/kRISP-meR_

Reference free guide RNA designing tool

Primary LanguagePython

image image image

kRISP-mER

Reference free guide RNA designing tool for CRISPR

What kRISP-mER is

This is a tool to generate personalized guide RNAs for CRISPR without using a reference genome. Instead, kRISP-mER works using the sequenced reads, and a genomic target location (location where CRISPR cleavage is intended).

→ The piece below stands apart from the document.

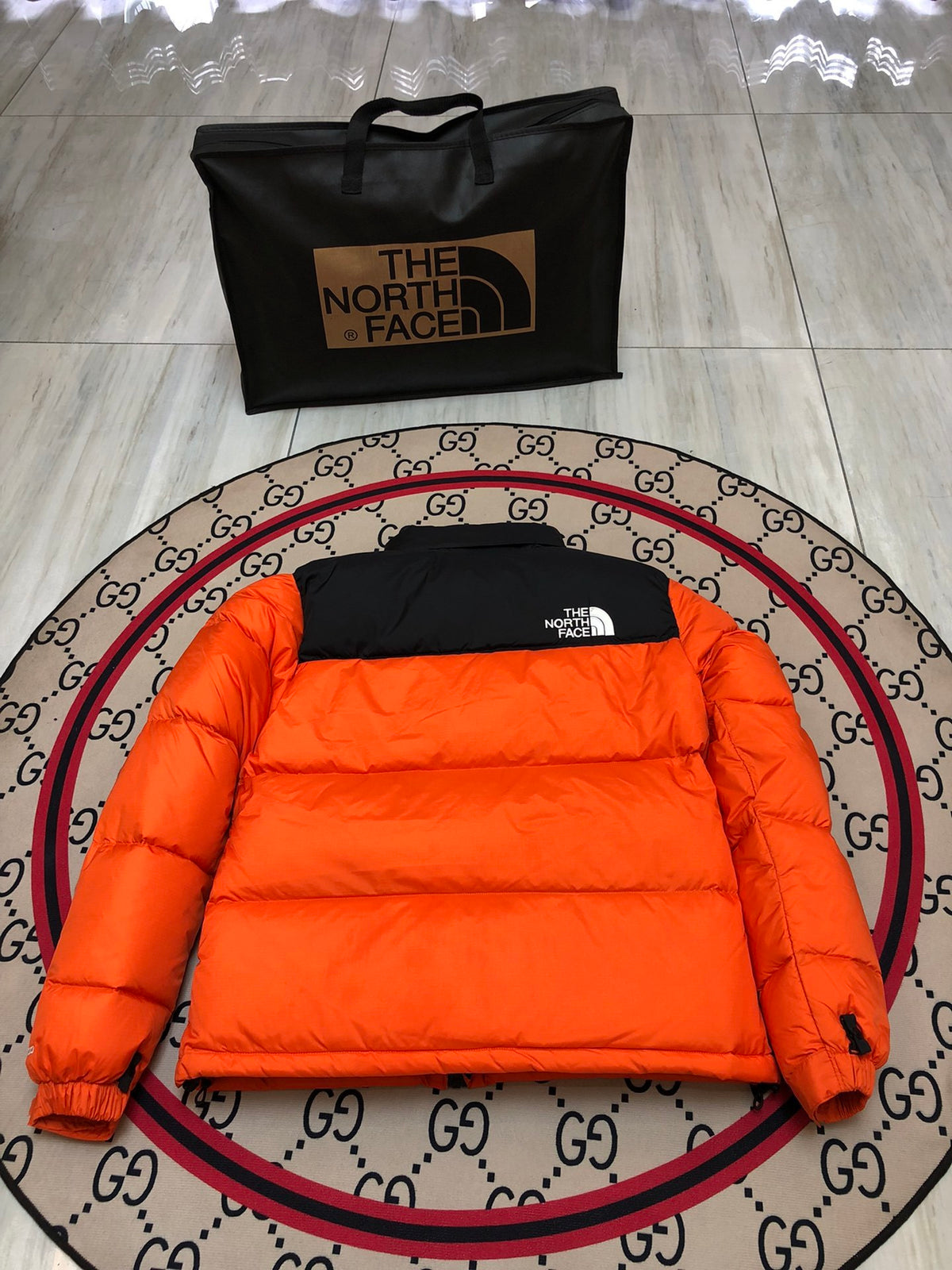 The North Face Orange Nuptse Down Jacket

This tool is designed for:

  1. Linux
  2. Python
  3. If on-target-activity scores are required, then particularly, Python 2.7

Other dependencies are elaborated separately.

Dependencies you need to install

The following installation instructions are only to help you out. These installation instructions are NOT mandatory to follow. You can install these any way you like. However, if you are having a hard time doing so by yourself, you may find these instructions useful.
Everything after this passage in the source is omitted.